A final overall survival analysis found improved results and a tolerable safety profile for patients with advanced IDH1-mutated cholangiocarcinoma who received ivosidenib vs placebo.
Despite a high crossover rate, ivosidenib (Tibsovo) produced favorable survival data with a tolerable safety profile compared with placebo for patients with advanced cholangiocarcinoma with IDH1 mutations, according to final overall survival (OS) results from the phase 3 randomized ClarIDHy trial (NCT02989857) published in JAMA Oncology.1
The median OS was 10.3 months (95% CI, 7.8- 12.4) for patients in the ivosidenib group compared with 7.5 months (95% CI, 4.8- 11.1) for patients in the placebo group (HR, 0.79; 95% CI, 0.56-1.12; 1-sided P = .09) based on 150 OS events. Furthermore, the median rank-preserving structural failure time (RPSFT)–adjusted OS was 5.1 months (95% CI, 3.8-7.6) in the placebo group (HR, 0.49; 95% CI, 0.34-0.70; 1-sided P< .001).
“To our knowledge, this is the first randomized phase 3 trial demonstrating the clinical benefit of targeting the IDH1 variant for patients with advanced cholangiocarcinoma with IDH1 mutation or any other solid tumor with IDH1 mutation,” the investigators wrote.
Patients were randomized to receive either 500 mg of ivosidenib (n = 126), which was administered orally once daily for 28-day cycles or a matched placebo (n = 61). Treatment was given until disease progression, other unacceptable toxicities, pregnancy, death, consent withdrawal, loss to follow-up, or trial unblinding or ending. For patients with disease progression confirmed by radiography in the placebo group, crossover to the ivosidenib group was permitted.

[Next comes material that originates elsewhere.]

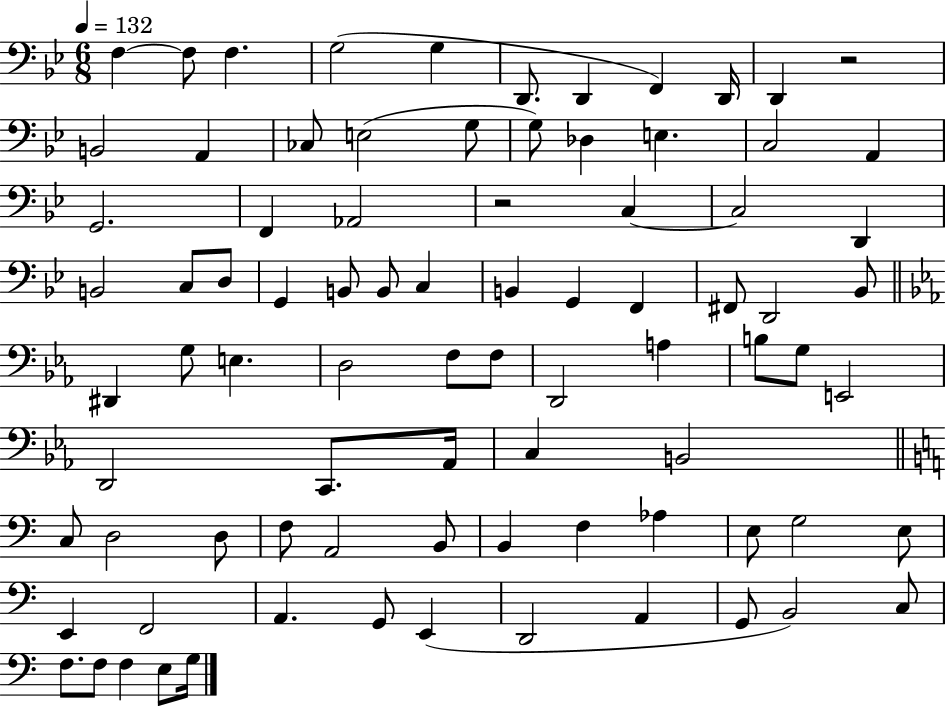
F3/q F3/e F3/q. G3/h G3/q D2/e. D2/q F2/q D2/s D2/q R/h B2/h A2/q CES3/e E3/h G3/e G3/e Db3/q E3/q. C3/h A2/q G2/h. F2/q Ab2/h R/h C3/q C3/h D2/q B2/h C3/e D3/e G2/q B2/e B2/e C3/q B2/q G2/q F2/q F#2/e D2/h Bb2/e D#2/q G3/e E3/q. D3/h F3/e F3/e D2/h A3/q B3/e G3/e E2/h D2/h C2/e. Ab2/s C3/q B2/h C3/e D3/h D3/e F3/e A2/h B2/e B2/q F3/q Ab3/q E3/e G3/h E3/e E2/q F2/h A2/q. G2/e E2/q D2/h A2/q G2/e B2/h C3/e F3/e. F3/e F3/q E3/e G3/s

Eligible patients were 18 years or older with histologically confirmed cholangiocarcinoma with an IDH1 mutation. Eligibility criteria also required documented disease progression after 1 to 2 treatments for advanced disease, an ECOG performance status of 0 or 1, an expected survival of 3 months or more, and adequate bone marrow, hepatic, and kidney function.
Although OS was a key secondary end point, it was the focus for this final analysis. Progression-free survival was the primary end point and was detailed in a previous analysis.
The median patient age was 62 years (range, 33-80 years) in the ivosidenib group and 63 years (range, 40-83 years) in the placebo group, with 65% and 61% of the ivosidenib and placebo group populations, respectively, being comprised of women.
Additional findings from the analysis indicated that the survival rate at 12 months was 43% (95% CI, 34%-51%) for patients in the ivosidenib group and 36% (95% CI, 24%-48%) for patients in the placebo group. The maximum treatment duration was 34.4 months (range, 0.1- 34.4) compared with 6.9 months (range, 0-6.9 months) for the ivosidenib and placebo groups, respectively. Moreover, the median treatment duration was 2.8 months (range, 0.1-34.4) and 1.6 months (range, 0-6.9) for the ivosidenib and placebo groups, respectively.
The most common any-grade treatment-emergent adverse effect (TEAE) for the ivosidenib and placebo groups, respectively, prior to crossover was nausea (42% vs 29%). Ascites was the most common grade 3 or higher TEAE in both treatment groups (9% vs 7%). Other common grade 3 or higher TEAEs included anemia (7% vs 0%), increased blood bilirubin level (6% vs 2%), and hyponatremia (6% vs 10%).
Serious TEAEs were observed in 34% of patients in the ivosidenib group compared with 24% of patients in the placebo group. In total, 5% of patients who were treated with ivosidenib experienced a TEAE leading to death. None of the deaths are believed to be related to treatment
“Taken together, the efficacy data and tolerable safety profile, as well as supportive quality of life data, demonstrate the clinical benefit of ivosidenib compared with placebo for patients with this aggressive disease in which there is an unmet need for new therapies,” the investigators concluded.
In August 2021, the FDA approved the use of ivosidenib in patients with previously treated IDH1 mutation–positive cholangiocarcinoma.2 The organization's decision was based on the results of the ClarIDHy trial.